Problem to work on:
Bring back every record exactly, except for the pictures, which stay out.

━━━━

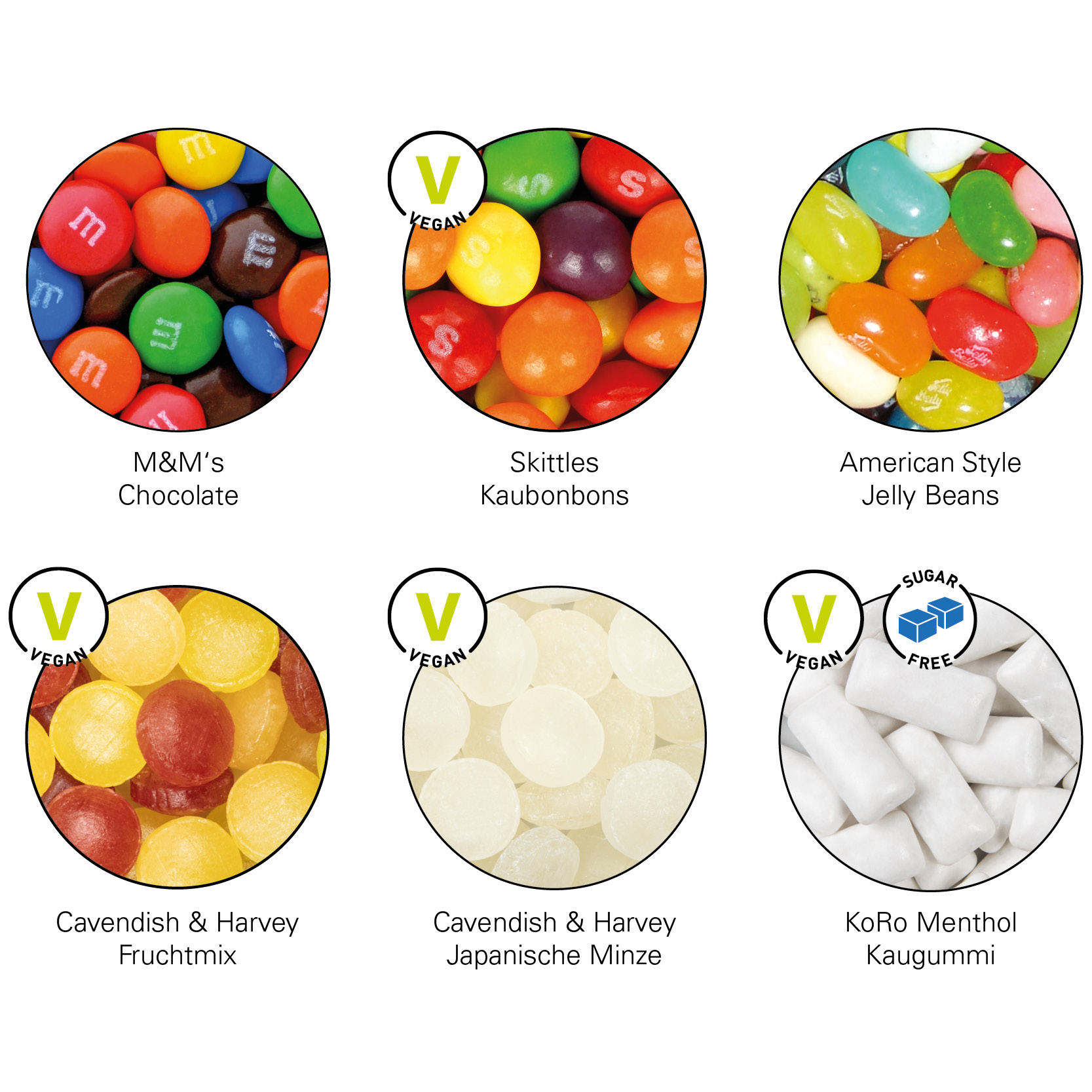 Slim Box; Cavendish & Harvey Mini Bonbons Fruchtmix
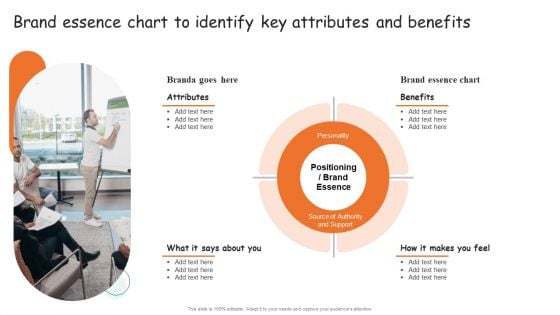 Guide For Brand Brand Essence Chart To Identify Key Attributes And Benefits Background PDF
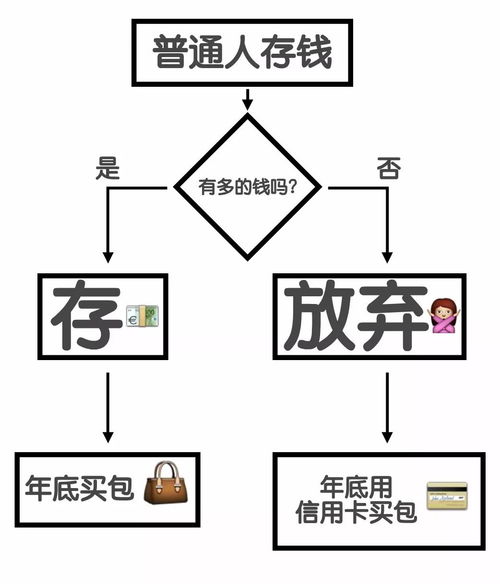 处女座：我的脑回路就是不一样！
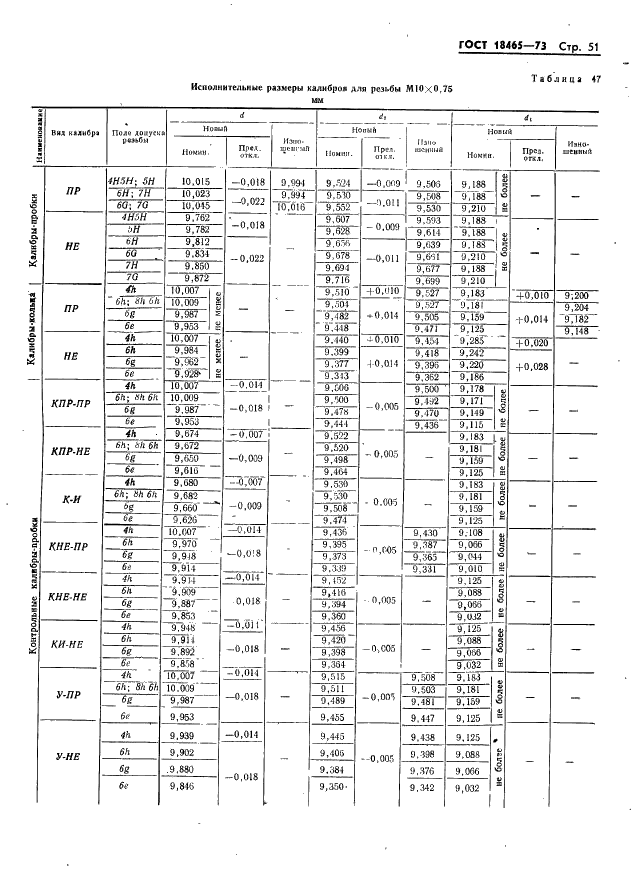 ГОСТ 18465-73 Калибры для метрической резьбы от 1 до 68 мм. Исполнительные размеры (фото 57 из 443)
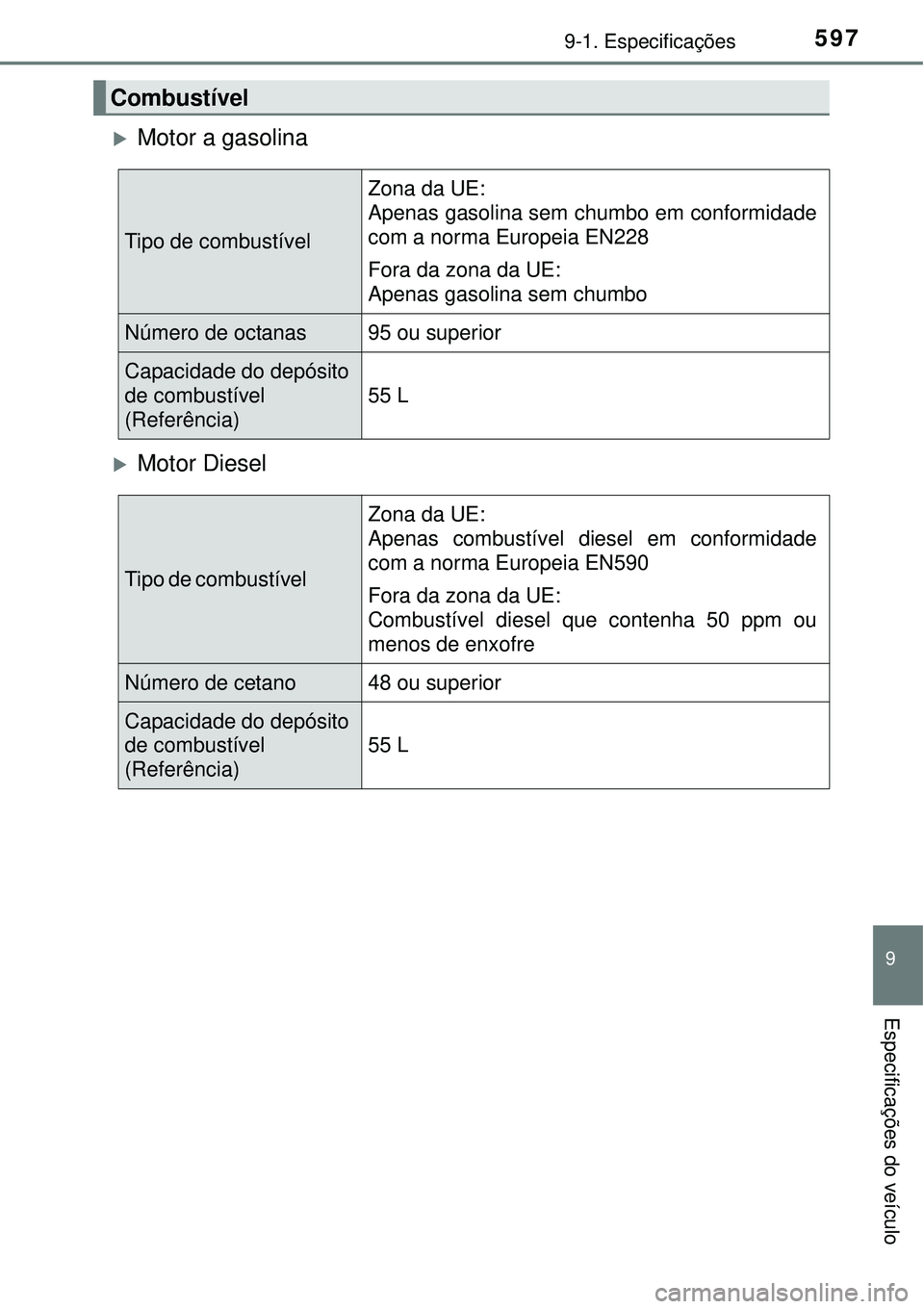TOYOTA COROLLA 2017  Manual de utilização (in Portuguese) 5979-1. Especificações
9
Especificações do veículo
Motor a gasolina
Motor Diesel
Combustível
Tipo de combustível  
Zona da UE: 
Apenas gasolina sem chumbo em conformidade
com a norma Euro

━━━━

Solution for this task:
 Slim Box; Cavendish & Harvey Mini Bonbons Fruchtmix
 Guide For Brand Brand Essence Chart To Identify Key Attributes And Benefits Background PDF
 处女座：我的脑回路就是不一样！
 ГОСТ 18465-73 Калибры для метрической резьбы от 1 до 68 мм. Исполнительные размеры (фото 57 из 443)
TOYOTA COROLLA 2017  Manual de utilização (in Portuguese) 5979-1. Especificações
9
Especificações do veículo
Motor a gasolina
Motor Diesel
Combustível
Tipo de combustível  
Zona da UE: 
Apenas gasolina sem chumbo em conformidade
com a norma Euro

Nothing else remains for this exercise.